Personal details
- Born: 26 April 1959 (age 66) Santiago, Chile
- Party: Christian Democratic (−2015) Citizens (2015–2018) Independent close to centre-right (2018–)
- Spouse: Catalina
- Parent(s): Andrés Santa Cruz Serrano Mercedes López Latorre
- Relatives: Andrés Santa Cruz López (brother)
- Alma mater: Pontifical Catholic University of Chile
- Occupation: Politician
- Profession: Lawyer

= Juan José Santa Cruz =

Chilean lawyer

Juan José Santa Cruz López (born 26 April 1959) is a Chilean lawyer, businessman and politician.
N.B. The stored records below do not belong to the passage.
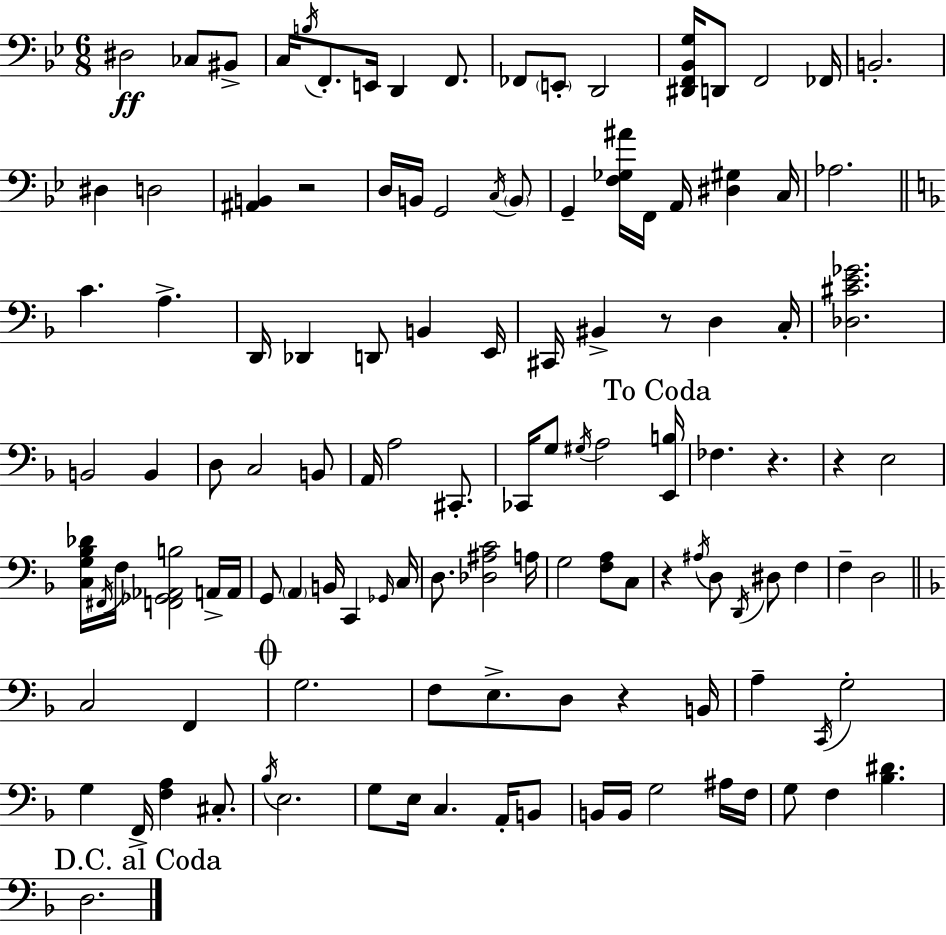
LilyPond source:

{
  \clef bass
  \numericTimeSignature
  \time 6/8
  \key g \minor
  dis2\ff ces8 bis,8-> | c16 \acciaccatura { b16 } f,8.-. e,16 d,4 f,8. | fes,8 \parenthesize e,8-. d,2 | <dis, f, bes, g>16 d,8 f,2 | \break fes,16 b,2.-. | dis4 d2 | <ais, b,>4 r2 | d16 b,16 g,2 \acciaccatura { c16 } | \break \parenthesize b,8 g,4-- <f ges ais'>16 f,16 a,16 <dis gis>4 | c16 aes2. | \bar "||" \break \key d \minor c'4. a4.-> | d,16 des,4 d,8 b,4 e,16 | cis,16 bis,4-> r8 d4 c16-. | <des cis' e' ges'>2. | \break b,2 b,4 | d8 c2 b,8 | a,16 a2 cis,8.-. | ces,16 g8 \acciaccatura { gis16 } a2 | \break \mark "To Coda" <e, b>16 fes4. r4. | r4 e2 | <c g bes des'>16 \acciaccatura { fis,16 } f16 <f, ges, aes, b>2 | a,16-> a,16 g,8 \parenthesize a,4 b,16 c,4 | \break \grace { ges,16 } c16 d8. <des ais c'>2 | a16 g2 <f a>8 | c8 r4 \acciaccatura { ais16 } d8 \acciaccatura { d,16 } dis8 | f4 f4-- d2 | \break \bar "||" \break \key f \major c2 f,4 | \mark \markup { \musicglyph "scripts.coda" } g2. | f8 e8.-> d8 r4 b,16 | a4-- \acciaccatura { c,16 } g2-. | \break g4 f,16-> <f a>4 cis8.-. | \acciaccatura { bes16 } e2. | g8 e16 c4. a,16-. | b,8 b,16 b,16 g2 | \break ais16 f16 g8 f4 <bes dis'>4. | \mark "D.C. al Coda" d2. | \bar "|."
}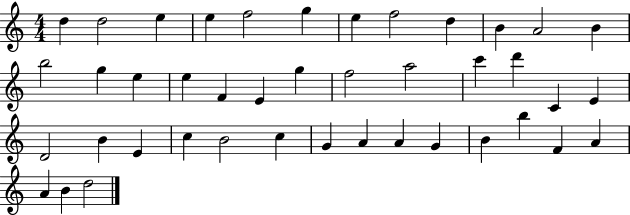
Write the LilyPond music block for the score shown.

{
  \clef treble
  \numericTimeSignature
  \time 4/4
  \key c \major
  d''4 d''2 e''4 | e''4 f''2 g''4 | e''4 f''2 d''4 | b'4 a'2 b'4 | \break b''2 g''4 e''4 | e''4 f'4 e'4 g''4 | f''2 a''2 | c'''4 d'''4 c'4 e'4 | \break d'2 b'4 e'4 | c''4 b'2 c''4 | g'4 a'4 a'4 g'4 | b'4 b''4 f'4 a'4 | \break a'4 b'4 d''2 | \bar "|."
}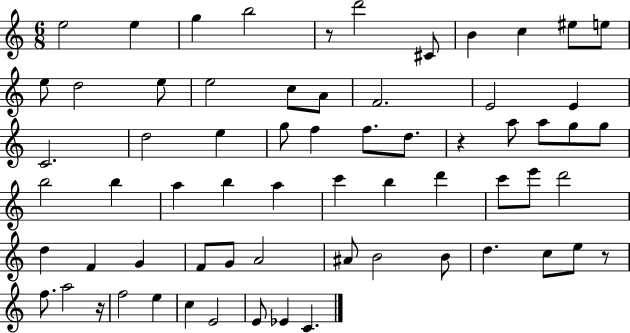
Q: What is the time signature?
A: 6/8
In 2010, he was a founding member of El Dínamo newspaper alongside Sebastián Sichel (then Sebastián Iglesias).

==Biography==
He was born within the marriage between Andrés Santa Cruz Serrano and Mercedes López Latorre, granddaughter of Admiral Juan José Latorre, Chilean hero during the War of the Pacific (1879–1884). Despite his family was of christian-democratic tendencies, his brother Andrés was a collaborator of Augusto Pinochet dictatorship (1973–1990). Nevertheless, Juan José opposed the military regime voting against the 1980 Constitution of Chile.

On 5 April 2018, he refused being President of Televisión Nacional de Chile (TVN) board. Then, on 14 June, he broke up with Citizens —his party— after differences with Andrés Velasco.

Since December 2020, it made massively known his work by Sebastián Sichel campaign.